• THE INPUT:

---*---

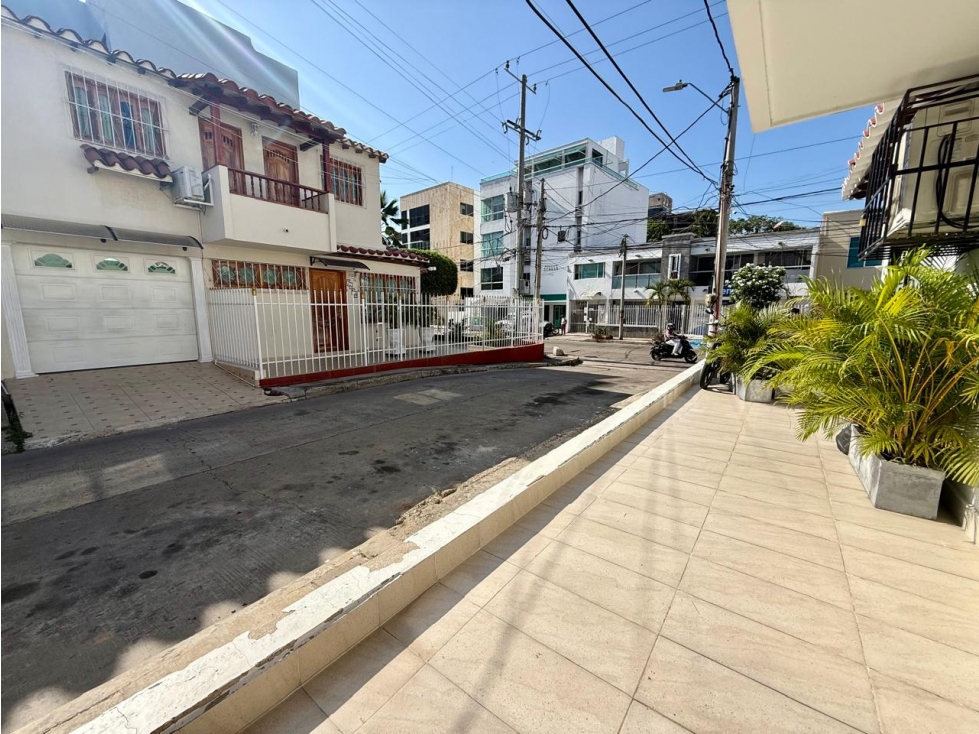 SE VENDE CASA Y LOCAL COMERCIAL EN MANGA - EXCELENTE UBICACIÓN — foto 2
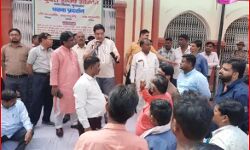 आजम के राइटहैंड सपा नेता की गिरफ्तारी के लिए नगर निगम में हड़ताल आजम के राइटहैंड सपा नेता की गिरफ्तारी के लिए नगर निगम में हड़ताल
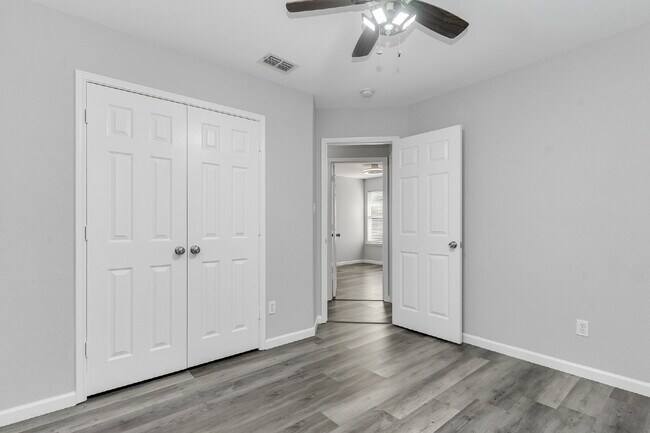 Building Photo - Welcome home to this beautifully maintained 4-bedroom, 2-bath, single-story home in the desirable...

---*---

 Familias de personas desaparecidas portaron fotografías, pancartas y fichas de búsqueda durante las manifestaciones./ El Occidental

---*---

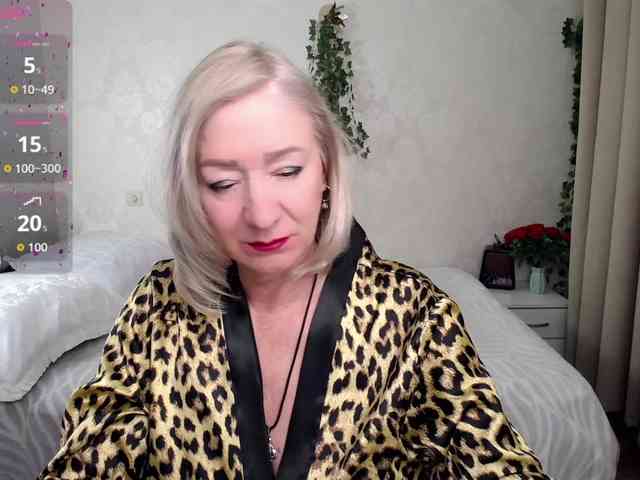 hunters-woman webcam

---*---

• EXERCISE AIM: Look back over the records above. Reproduce exactly everything from the line with "में हड़ताल आजम" down to the line with "Building Photo - Welcome", inclusive, and leave the pictures out.

• COMPLETED EXERCISE:
 आजम के राइटहैंड सपा नेता की गिरफ्तारी के लिए नगर निगम में हड़ताल आजम के राइटहैंड सपा नेता की गिरफ्तारी के लिए नगर निगम में हड़ताल
 Building Photo - Welcome home to this beautifully maintained 4-bedroom, 2-bath, single-story home in the desirable...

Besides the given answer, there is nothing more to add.